Please tally the lines in the data below that include the string "Love", and reply with only the total.

[Data items]
##########

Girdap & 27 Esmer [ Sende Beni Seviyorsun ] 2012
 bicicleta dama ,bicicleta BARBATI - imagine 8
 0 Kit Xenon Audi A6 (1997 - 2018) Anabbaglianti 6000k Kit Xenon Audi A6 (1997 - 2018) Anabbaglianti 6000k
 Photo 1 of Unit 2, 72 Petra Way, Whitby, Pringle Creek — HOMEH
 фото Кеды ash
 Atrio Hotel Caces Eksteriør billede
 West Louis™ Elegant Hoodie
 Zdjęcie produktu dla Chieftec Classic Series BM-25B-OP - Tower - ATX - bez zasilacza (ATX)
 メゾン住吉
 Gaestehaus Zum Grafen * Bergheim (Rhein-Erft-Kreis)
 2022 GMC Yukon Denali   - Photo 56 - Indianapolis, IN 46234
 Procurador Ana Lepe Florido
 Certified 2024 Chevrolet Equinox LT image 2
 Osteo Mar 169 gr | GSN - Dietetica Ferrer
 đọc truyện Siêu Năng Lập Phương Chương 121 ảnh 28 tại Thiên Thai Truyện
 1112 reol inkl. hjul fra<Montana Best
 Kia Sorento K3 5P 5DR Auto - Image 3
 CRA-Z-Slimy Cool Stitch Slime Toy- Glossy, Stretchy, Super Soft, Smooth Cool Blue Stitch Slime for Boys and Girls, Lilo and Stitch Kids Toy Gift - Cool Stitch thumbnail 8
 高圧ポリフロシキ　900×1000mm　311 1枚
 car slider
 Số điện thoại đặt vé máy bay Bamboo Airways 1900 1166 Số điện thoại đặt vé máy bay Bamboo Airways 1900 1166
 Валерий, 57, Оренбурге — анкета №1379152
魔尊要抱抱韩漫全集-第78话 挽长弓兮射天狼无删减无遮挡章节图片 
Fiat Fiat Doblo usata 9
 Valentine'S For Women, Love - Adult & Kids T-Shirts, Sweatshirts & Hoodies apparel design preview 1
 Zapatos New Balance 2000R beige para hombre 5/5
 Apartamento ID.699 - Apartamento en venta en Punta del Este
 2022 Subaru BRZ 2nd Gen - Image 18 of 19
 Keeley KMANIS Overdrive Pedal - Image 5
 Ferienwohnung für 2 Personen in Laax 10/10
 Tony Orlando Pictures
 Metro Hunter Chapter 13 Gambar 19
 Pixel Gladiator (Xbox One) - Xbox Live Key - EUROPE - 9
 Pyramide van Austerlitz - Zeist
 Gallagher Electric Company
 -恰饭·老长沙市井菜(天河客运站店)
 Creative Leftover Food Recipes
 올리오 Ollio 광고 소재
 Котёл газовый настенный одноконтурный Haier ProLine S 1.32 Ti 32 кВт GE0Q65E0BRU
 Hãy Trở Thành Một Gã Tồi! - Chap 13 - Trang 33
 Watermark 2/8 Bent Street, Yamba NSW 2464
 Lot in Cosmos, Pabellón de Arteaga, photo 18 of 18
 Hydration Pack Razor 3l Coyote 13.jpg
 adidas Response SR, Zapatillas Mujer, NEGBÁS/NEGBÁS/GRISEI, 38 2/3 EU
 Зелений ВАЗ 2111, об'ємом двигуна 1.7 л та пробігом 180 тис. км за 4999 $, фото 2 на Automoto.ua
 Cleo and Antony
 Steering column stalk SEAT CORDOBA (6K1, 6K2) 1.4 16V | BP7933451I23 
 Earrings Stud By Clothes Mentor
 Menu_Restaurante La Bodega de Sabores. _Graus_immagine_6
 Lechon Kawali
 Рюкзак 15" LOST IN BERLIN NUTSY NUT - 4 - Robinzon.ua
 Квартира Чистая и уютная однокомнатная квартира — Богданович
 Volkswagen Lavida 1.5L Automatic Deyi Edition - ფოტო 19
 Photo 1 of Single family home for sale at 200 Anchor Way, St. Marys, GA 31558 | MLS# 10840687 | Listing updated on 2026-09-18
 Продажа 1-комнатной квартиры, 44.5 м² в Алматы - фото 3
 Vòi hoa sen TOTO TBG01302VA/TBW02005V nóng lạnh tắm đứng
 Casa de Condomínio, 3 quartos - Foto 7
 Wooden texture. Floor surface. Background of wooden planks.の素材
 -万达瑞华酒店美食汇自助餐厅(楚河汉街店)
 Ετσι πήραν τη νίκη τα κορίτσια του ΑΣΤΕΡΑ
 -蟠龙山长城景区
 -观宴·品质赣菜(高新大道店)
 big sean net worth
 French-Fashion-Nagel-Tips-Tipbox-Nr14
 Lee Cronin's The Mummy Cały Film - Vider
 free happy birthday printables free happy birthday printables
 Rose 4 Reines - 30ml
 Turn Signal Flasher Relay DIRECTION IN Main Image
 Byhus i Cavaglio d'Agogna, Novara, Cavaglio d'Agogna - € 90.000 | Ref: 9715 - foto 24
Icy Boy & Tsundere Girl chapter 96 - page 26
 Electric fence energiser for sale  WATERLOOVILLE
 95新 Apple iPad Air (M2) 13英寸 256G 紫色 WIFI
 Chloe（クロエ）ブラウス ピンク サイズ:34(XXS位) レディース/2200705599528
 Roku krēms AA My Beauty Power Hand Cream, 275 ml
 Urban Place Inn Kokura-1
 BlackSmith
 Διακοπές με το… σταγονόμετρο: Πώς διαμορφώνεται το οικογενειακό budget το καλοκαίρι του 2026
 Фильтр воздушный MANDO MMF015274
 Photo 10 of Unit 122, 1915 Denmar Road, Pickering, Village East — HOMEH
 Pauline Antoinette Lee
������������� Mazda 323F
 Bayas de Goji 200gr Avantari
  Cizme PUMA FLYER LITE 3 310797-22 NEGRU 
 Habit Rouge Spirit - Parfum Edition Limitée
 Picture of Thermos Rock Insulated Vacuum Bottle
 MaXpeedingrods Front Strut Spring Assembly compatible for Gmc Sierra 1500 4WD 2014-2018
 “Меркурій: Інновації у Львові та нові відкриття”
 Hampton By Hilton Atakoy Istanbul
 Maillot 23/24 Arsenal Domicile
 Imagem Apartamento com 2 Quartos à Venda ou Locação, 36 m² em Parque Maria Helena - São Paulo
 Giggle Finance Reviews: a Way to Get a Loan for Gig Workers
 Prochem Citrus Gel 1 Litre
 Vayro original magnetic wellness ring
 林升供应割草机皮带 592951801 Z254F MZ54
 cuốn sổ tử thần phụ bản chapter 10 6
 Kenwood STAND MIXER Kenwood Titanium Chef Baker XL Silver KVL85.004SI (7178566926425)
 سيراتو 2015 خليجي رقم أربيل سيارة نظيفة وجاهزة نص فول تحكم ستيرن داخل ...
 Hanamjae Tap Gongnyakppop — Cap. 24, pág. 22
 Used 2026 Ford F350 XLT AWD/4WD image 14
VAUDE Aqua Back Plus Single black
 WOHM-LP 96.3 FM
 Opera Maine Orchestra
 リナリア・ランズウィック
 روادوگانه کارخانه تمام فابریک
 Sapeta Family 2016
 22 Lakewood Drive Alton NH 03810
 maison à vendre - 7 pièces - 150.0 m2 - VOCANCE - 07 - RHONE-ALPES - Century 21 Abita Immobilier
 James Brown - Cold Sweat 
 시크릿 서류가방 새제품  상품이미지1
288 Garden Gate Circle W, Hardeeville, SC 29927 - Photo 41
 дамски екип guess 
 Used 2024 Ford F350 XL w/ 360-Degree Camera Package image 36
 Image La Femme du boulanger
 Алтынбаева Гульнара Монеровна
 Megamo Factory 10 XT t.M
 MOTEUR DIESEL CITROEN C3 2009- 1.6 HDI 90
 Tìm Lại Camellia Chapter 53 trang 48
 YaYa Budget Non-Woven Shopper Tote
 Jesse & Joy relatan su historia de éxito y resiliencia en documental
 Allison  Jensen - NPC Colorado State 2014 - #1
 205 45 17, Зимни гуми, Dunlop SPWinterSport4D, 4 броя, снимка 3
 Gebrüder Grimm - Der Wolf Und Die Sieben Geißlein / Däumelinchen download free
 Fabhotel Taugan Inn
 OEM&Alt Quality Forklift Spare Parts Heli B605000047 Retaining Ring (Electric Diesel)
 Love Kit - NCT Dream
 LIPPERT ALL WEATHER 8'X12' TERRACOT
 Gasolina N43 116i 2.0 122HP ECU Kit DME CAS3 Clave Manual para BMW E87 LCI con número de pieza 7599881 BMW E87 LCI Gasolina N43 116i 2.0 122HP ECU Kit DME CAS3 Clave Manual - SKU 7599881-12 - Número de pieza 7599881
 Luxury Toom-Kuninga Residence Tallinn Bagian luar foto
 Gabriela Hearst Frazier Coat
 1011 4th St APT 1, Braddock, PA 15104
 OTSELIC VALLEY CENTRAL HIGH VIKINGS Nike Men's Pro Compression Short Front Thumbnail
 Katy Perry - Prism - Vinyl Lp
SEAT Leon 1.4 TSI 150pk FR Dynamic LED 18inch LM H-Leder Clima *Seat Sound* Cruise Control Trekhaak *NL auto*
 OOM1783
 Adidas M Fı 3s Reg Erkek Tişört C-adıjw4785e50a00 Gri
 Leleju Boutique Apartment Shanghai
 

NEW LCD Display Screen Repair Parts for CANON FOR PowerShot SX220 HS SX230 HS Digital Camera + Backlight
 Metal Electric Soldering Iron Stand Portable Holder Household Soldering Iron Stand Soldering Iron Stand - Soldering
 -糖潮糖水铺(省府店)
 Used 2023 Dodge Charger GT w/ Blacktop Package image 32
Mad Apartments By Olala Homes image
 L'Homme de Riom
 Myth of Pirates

##########

= Output of the exercise =
2